Seth Manfield (left) and Samuel Ihlenfeldt (right) had fantastic weekends in Albuquerque.

And surely Ihlenfeldt would take any leg up he could get. If I were up against a former World Champion and four-time Pro Tour Top 8 player in the highest stress environment I'd ever been thrust into, I'd at least take a favorable matchup.

Ihlenfeldt's game plan was to get in early damage with his cheap creatures. Then, when those creatures became obsolete compared to Manfield's better ground pounders, Ihlenfeldt would hope to take to the skies with Vehicles to get a cruise-control victory. All Manfield needed to do was blank the small creatures early on and his life total would be too high for Heart of Kiran and Aethersphere Harvester to take away.

Game 1

Manfield was on the play. In his first few turns he made two Longtusk Cubs and cast two Attune with Aethers. After banking a big energy cache—he had six—he pumped his kitty to 4/4.

"You got it." Ihlenfeldt said as Manfield attacked in. The Minnesotan was powerless. He had a Veteran Motorist, Scrapheap Scrounger, Bomat Courier, and Walking Ballista, which were all held back by the two Cubs with enough stored energy to power Albuquerque. But after Manfield began withdrawing from his energy bank, Ihlenfeldt saw an opportunity to swing in.

He turned all his creatures sideways. But like Manfield had been saying all weekend, people get surprised by Blossoming Defense. Before blockers, Manfield protected his potential Longtusk Cub blocker, then safely used energy to pump it up, avoiding the possibility of a Walking Ballista blowout. The Cub ate a Dwarf in one gulp.

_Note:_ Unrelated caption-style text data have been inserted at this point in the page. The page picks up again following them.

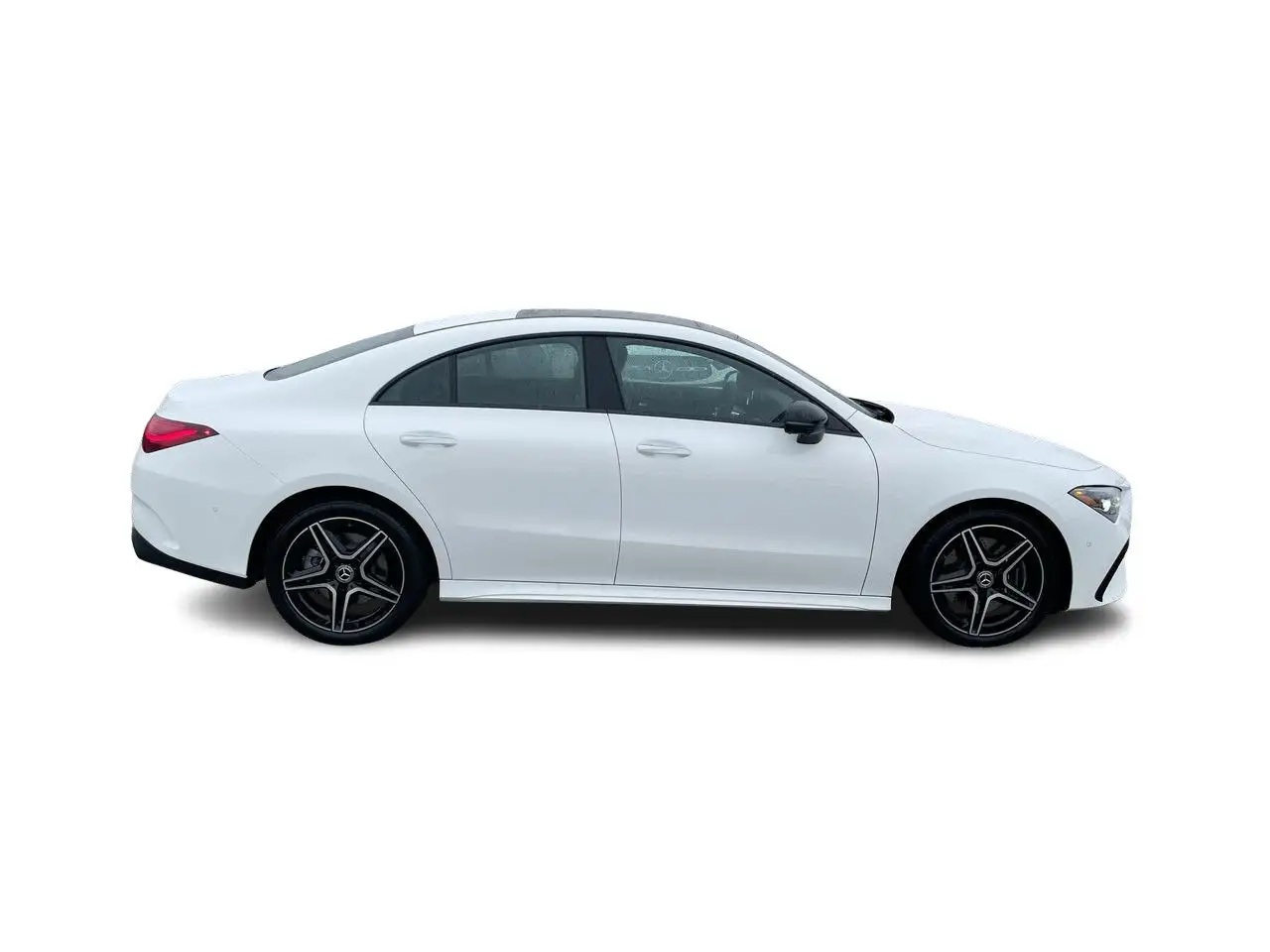 Mercedes-Benz CLA снимка Mercedes-Benz CLA
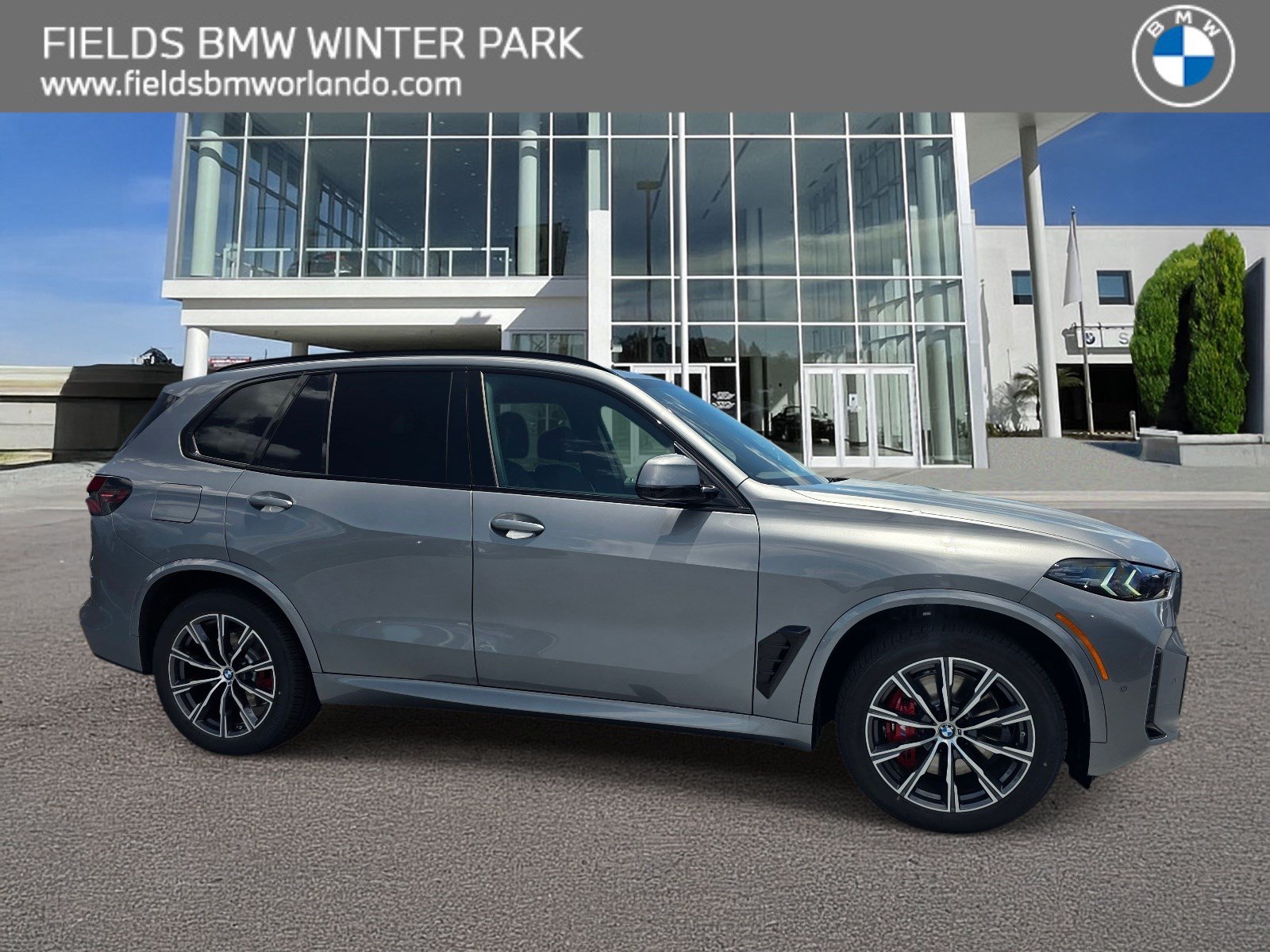 New 2026 BMW X5 xDrive40i w/ M Sport Package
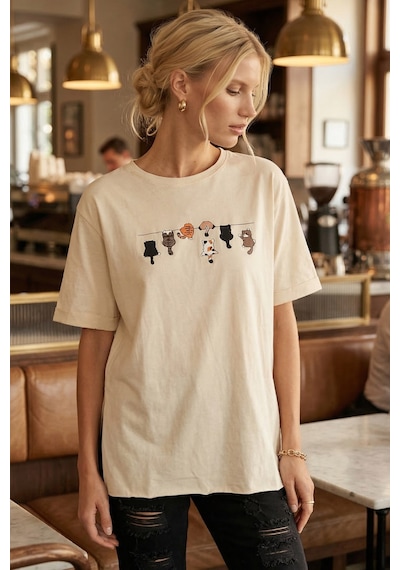 Armonika Kadın Krem Önü Kedi Baskılı Yanları Yırtmaçlı Pamuklu T-shirt Arm-26y137002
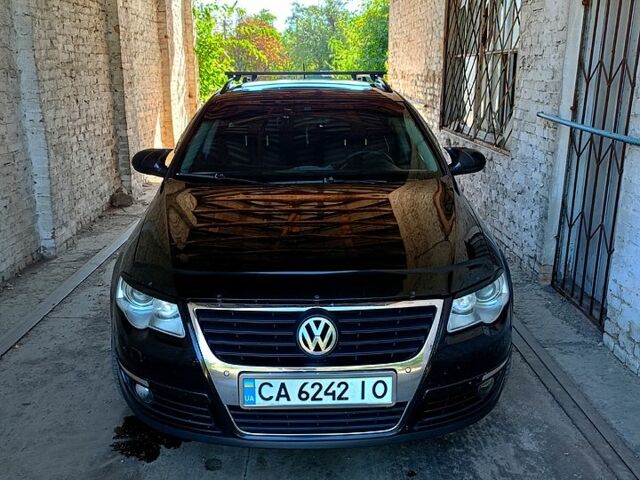 Чорний Фольксваген Пассат, об'ємом двигуна 2 л та пробігом 400 тис. км за 7300 $, фото 1 на Automoto.ua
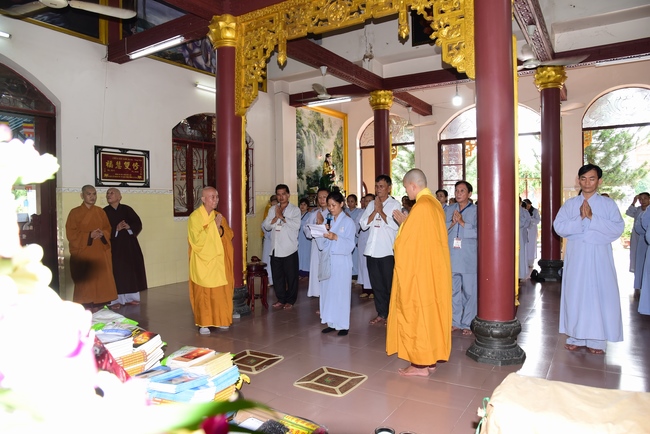Offering to the summer retreat schools in Dong Nai and Cu Chi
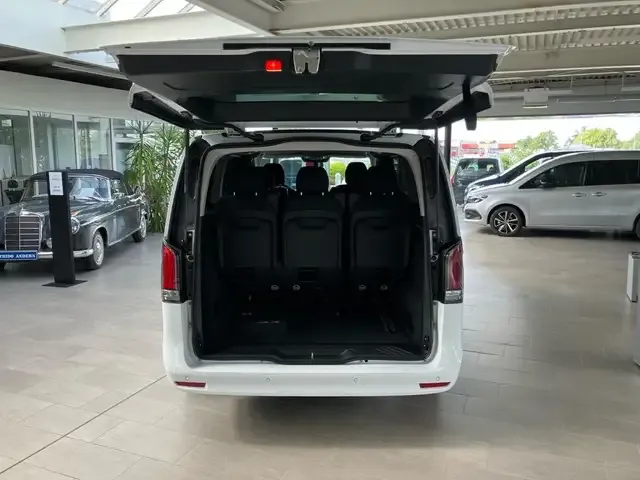 Mercedes-Benz EQV 300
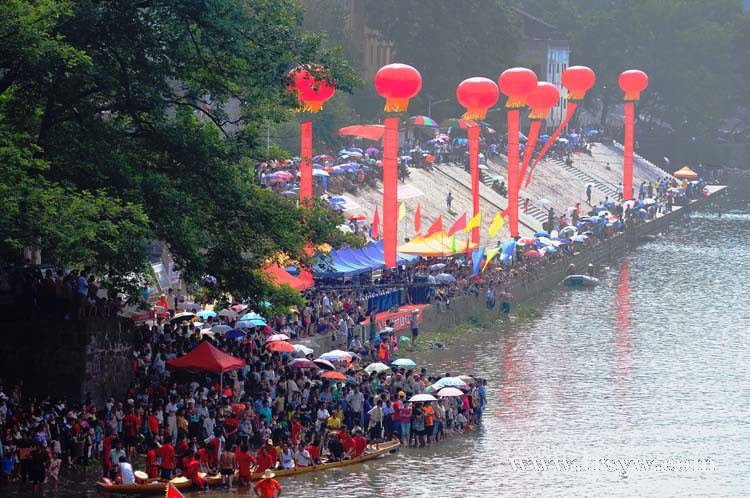 贵州铜仁市坝黄镇传统龙舟赛掠影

Samuel Ihlenfeldt never let the pressure of the moment dampen his enthusiasm.

"I got this," Ihlenfeldt said to himself—trying to recover from the attack step. He was of course referring to his socks. This weekend Ihlenfeldt wore socks with dinosaurs on them. The socks read "You got this." They were his motivational tool.

But motivation be damned, said Manfield, and he cast Winding Constrictor. After that, the former World Champ went to town. His potential energy became kinetic, and paid dividends. His Cubs were now 5/5 and 4/4, with energy in the tank. Then things really got out of hand.

Maybe we shouldn't talk about the next turn, when a second Constrictor showed up. Manfield cast the second Snake, emptied his stores, and the Cubs became as tall as mountains. Just turning them sideways must have taken effort. But somehow Manfield manage the task again and again, until Ihlenfeldt conceded Game 1.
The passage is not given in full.